CONCLUSIONS/INTERPRETATION: The performance of CGM systems and SMBG are comparable during flight-associated atmospheric pressure changes. All tested measurement devices for CGM and SMBG were suitable for diabetes-care-based decisions during flight simulation.
目的/假设:1型糖尿病飞行员在飞行期间需要定期进行毛细血管血糖监测。持续葡萄糖监测(CGM)可能是一种有效且更实用的替代方法。本研究旨在评估在低压飞行模拟过程中CGM系统相对于自我血糖监测(SMBG)的准确性。
使用两种模拟方案对12名使用胰岛素泵的1型糖尿病患者进行研究。方案A包括一个地面阶段、上升阶段、进食流质餐食的190分钟巡航阶段、下降阶段,然后是地面阶段。方案B包括一个地面阶段、上升阶段、禁食60分钟的巡航阶段、下降阶段、20分钟地面阶段、上升阶段、进食餐食的120分钟第二次飞行阶段,随后是下降阶段和地面阶段。在两个方案中,根据参与者的碳水化合物计数方案在进餐时或进餐前给予胰岛素。在方案A中,在飞行中和地面时测量毛细血管、组织间液和血浆葡萄糖,而在方案B中,测量葡萄糖和氧气。在飞行模拟期间记录了来自三个CGM品牌和两个SMBG设备的测量值。比较了飞行期间(550 mmHg)和地面(750 mmHg)舱内压力下的测量结果。使用Spearman相关性和平均绝对相对差异(MARD)分析空腹和餐后血糖测量值。

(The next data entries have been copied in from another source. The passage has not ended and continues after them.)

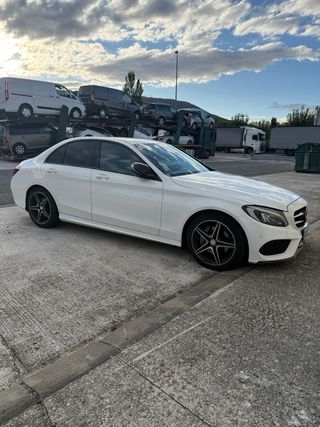 Mercedes-Benz Clase C 2017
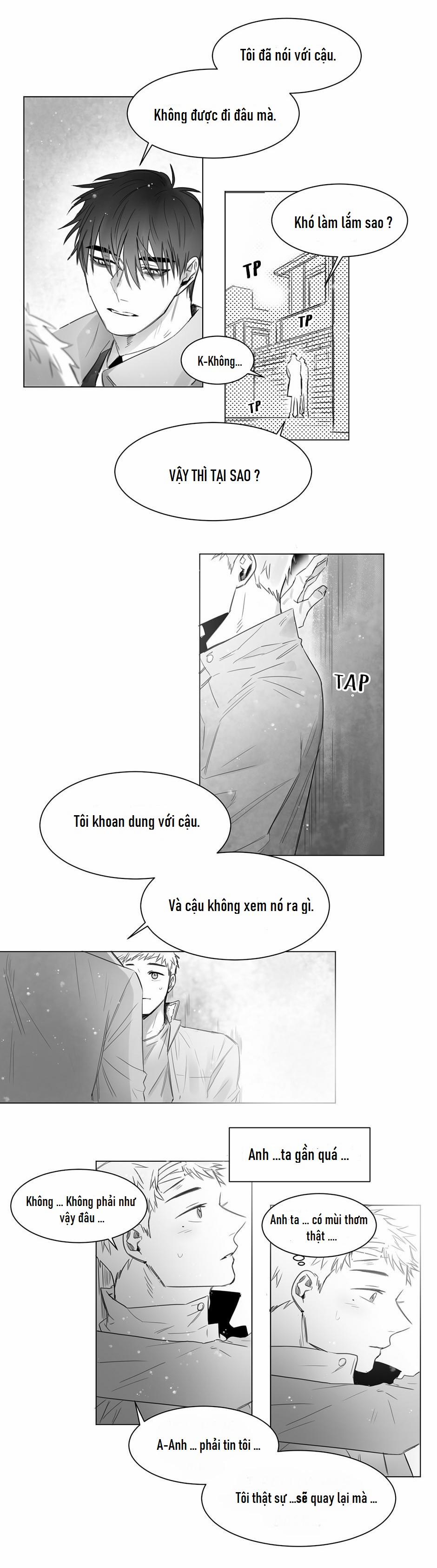 Một Ngàn Con Hạc Giấy 7 trang 12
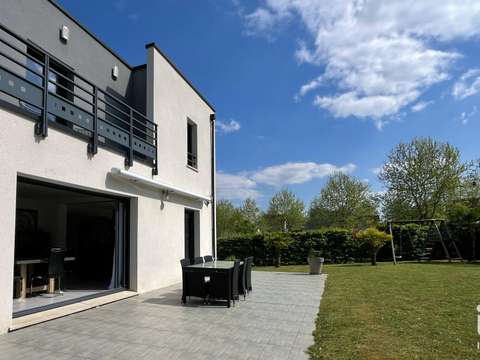 Vente maison 5 pièces Carpiquet 14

研究了11名男性和1名女性(方案A中有6名男性;方案B中有5名男性和1名女性)。总共记录了1533个数据点。在飞行与地面水平期间,方案A(飞行时r = 0.96,地面时r = 0.94)和方案B(飞行时r = 0.85,地面时r = 0.69)中,CGM系统和SMBG得出的葡萄糖值的Spearman相关性都非常强。在方案A(11.85%;95% CI [9.78, 13.92] 与9.08%;95% CI [7.02, 11.14])和方案B(12.01%;95% CI [3.34, 20.69] 与12.97%;95% CI [4.30, 21.65])中,飞行与地面水平期间汇总的CGM MARD差异最小。
结论/解读:在与飞行相关的大气压力变化期间,CGM系统和SMBG的性能相当。所有测试的CGM和SMBG测量设备都适用于飞行模拟期间基于糖尿病护理的决策。